Au premier plan, une sorte de voûte sur laquelle figure un petit coffret en plastique blanc. En zoomant, on peut aisément imaginer une alarme contrastant avec le caractère ancien de l’ensemble. Et si l’on zoome encore, on pourra observer une deuxième arche située au plan intermédiaire. Y sont installés une clochette d’un autre temps, un panonceau vert indiquant la sortie à prendre en cas de secours et une sorte d’alarme installée pour détecter une éventuelle fumée toxique. Enfin, sur la troisième voûte, au fond, à gauche, un morceau d’extincteur rouge coupé par la ligne de fuite du mur.
On n’oubliera pas la lumière du fond – plein sud – signe qu’en cette matinée de mi-octobre, le soleil pouvait encore être bien généreux sur Longwy.

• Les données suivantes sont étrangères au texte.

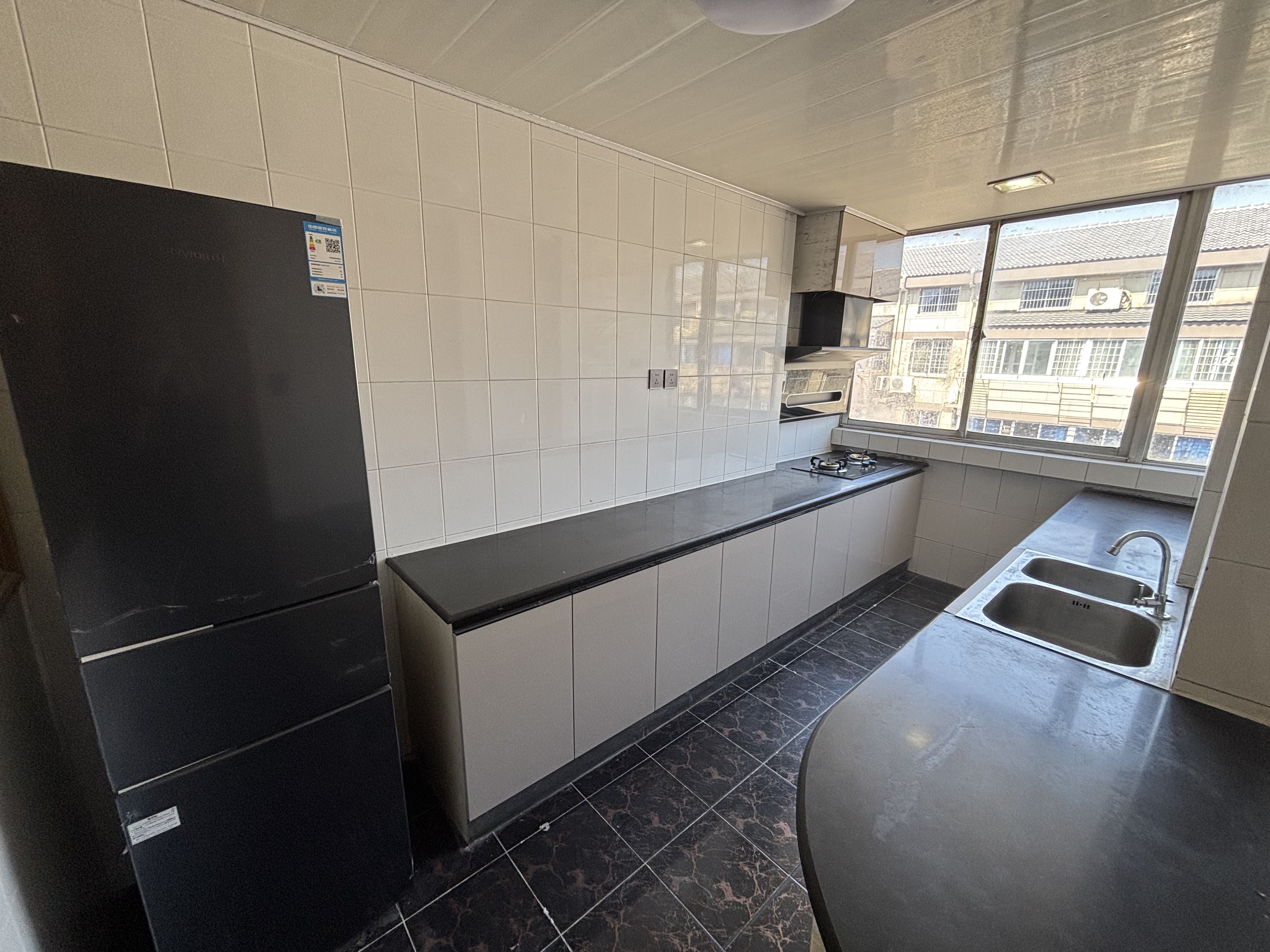 百花军宅苑 4室2厅3卫 121.00m&sup2;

En revenant au premier plan de l’image, en hauteur et sur les côtés, on peut remarquer ce qui semble être des verrières ! Les salles de classe aux plafonds voûtés du Lycée Darche sont d’anciennes chambrées de militaires puisque le lycée était au départ une caserne !
Un œil exercé peut également observer que le sol du couloir est constitué de granito/terrazzo, ce fameux procédé importé de Venise qui s’était exporté en particulier en Lorraine dans les années 1920/1930 avec la vague « Art-Déco ».


Alors si l’on oublie les quelques éléments de sécurité décrits plus haut, cette image est véritablement intemporelle. Dans les commentaires du post Facebook, un ancien élève internaute a écrit que cela n’avait pas changé depuis… 1985 !
Interprétations
De par ses aspects dépouillé et intemporel, l’image permet de nombreuses interprétations et ne laisse donc pas indifférent. D’aucuns – pragmatiques – se demanderont quel est le produit d’entretien permettant d’obtenir un tel éclat au niveau du sol ? D’autres – complotistes – questionneront la raison de la présence mystérieuse de la lézarde située au premier plan au milieu du couloir…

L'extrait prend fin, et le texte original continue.